Une autre problématique à laquelle la coopérative veut répondre, c’est cette sorte d’éclatement social qui a fait du village québécois, non pas une communauté unie et unique, mais un chapelet de cellules sociales vivant plus ou moins en vase clos. Les Maisons populaires veulent recréer une structure de vie commune autour d’un projet. « Il faut recréer ce qu’était un village anciennement », explique monsieur Stuart.
Les jeunes, les travailleurs et les familles trouveront un milieu de vie dynamique et adapté à leurs besoins. Aussi, en établissant leurs « éco- cohabitats » près des noyaux villageois et des services et en ayant une préoccupation pour les besoins des personnes handicapées lors de la conception des habitations, les Maisons populaires veulent permettre aux citoyens plus âgés de rester dans leur village le plus longtemps possible. « Nos maisons sont faites pour y naître, y vivre et y mourir », affirme Fernand Stuart.
L’écologie n’est pas un luxe
Une des particularités de la démarche de la Coop solidaire des Maisons populaires, c’est la volonté d’offrir ses habitations écologiques à un prix abordable. Selon monsieur Stuart, les maisons seront accessibles à un prix variant de 50 000 $ à 125 000 $. Elles seront de taille raisonnable sur des terrains privés de petite superficie, mais avec un accès à des zones communes gérées par les citoyens.
Alliant la simplicité, l’esprit pratique et une préoccupation écologique, ces aires collectives pourront, selon Fernand Stuart, donner naissance à des cuisines collectives, des projets d’agriculture biologique et des installations pour des animaux de ferme, selon le bon vouloir des résidents. On voit la pertinence du projet lorsqu’on constate à quel point le prix des habitations peut être un facteur d’exclusion dans ce type de projet. Citons, par exemple, la Cité Verte, en Haute-Ville de Québec, qui offre ses plus modiques condominiums à un prix de base de 229 000 $.
Dynamiser la vie communautaire et économique
Du point de vue de l’organisation du territoire, les projets à naître permettront de consolider la zone urbaine des villages en la densifiant. On espère que cette mesure, en favorisant l’utilisation efficace de l’espace, dynamisera la vie communautaire et économique. Pour ce qui est de l’aspect financier, la création d’un fonds de capital communautaire devrait permettre aux résidents à faible revenu de financer plus aisément l’achat de leur propriété. Ce fonds pourrait aussi être utilisé comme levier financier dans le cadre de divers projets.

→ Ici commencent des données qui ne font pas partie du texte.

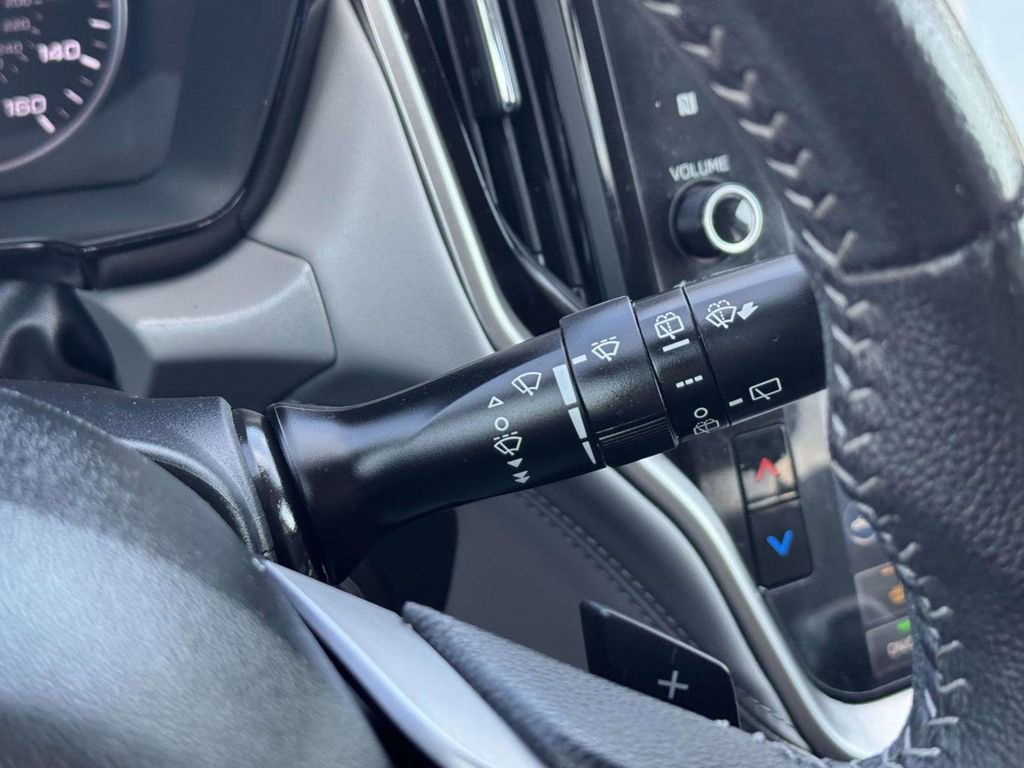 Used 2024 Subaru Outback Premium image 18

Des projets d’implantation de ces « éco-cohabitats » progressent dans plusieurs municipalités. On peut nommer La Minerve, Ashton-Jonction, Rawdon et Amherst, qui ont des projets à différents stades d’avancement. Si le premier atelier rural doit ouvrir ses portes au printemps à Amherst, un prototype de maison écologique préfabriquée sera prêt dès cet automne. La coopérative a comme but d’ouvrir des ateliers dans toutes les régions du Québec.